2-11-08 by Court
Looks like the Dow Jones is looking for some
speculative boost to the topsy-turvy, overall-sagging fortunes of Wall
Street. Altria (aka Phillip Morris) and Honeywell are off of the Dow
Jones Industrial Average. Chevron and Bank of America are
in. The Wall Street Journal alert says, "The change is the
first in four years and reflects the index’s continued shift away from
industrial firms and into other sectors such as energy and financial
services." Odd, isn’t it? The "industrial average" moving away from
"industrial firms." Hmmm.
What do banks and oil companies
have in common? Profits from speculative, virtual activity, not
real production.

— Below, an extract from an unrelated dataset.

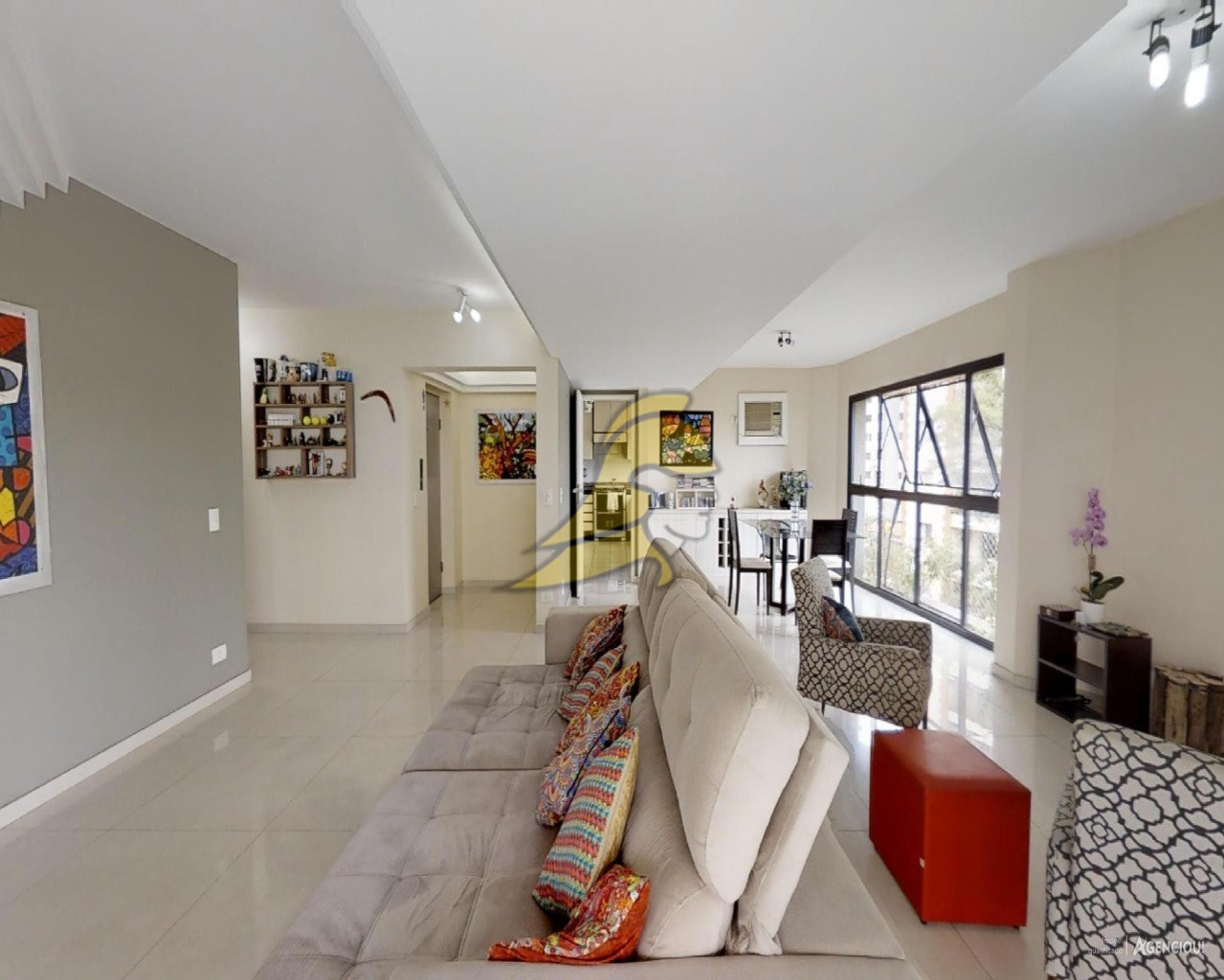 Apartamento, 4 quartos, 216 m² - Foto 2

Oil and gasoline are both commodities pegged at
artificially high values, leaps and bounds above actual production
costs. The subprime crisis is proving the fallout goes well
beyond a sector of the economy when the bubble and bad bets are big
enough. Big Oil’s bounty comes from a secretive, open-to-manipulation
speculative market that reminds us of the Enron-era accounting.
In with the oil and banks, out with the folks who really make
something. Hold onto your nest-eggs, shareholders, any short term
inflation in the Dow is prone to a big Kaboom.
We are still waiting for the answer to the question Dugan asked about the cause of $100 per barrel crude oil. When will the regulators step in?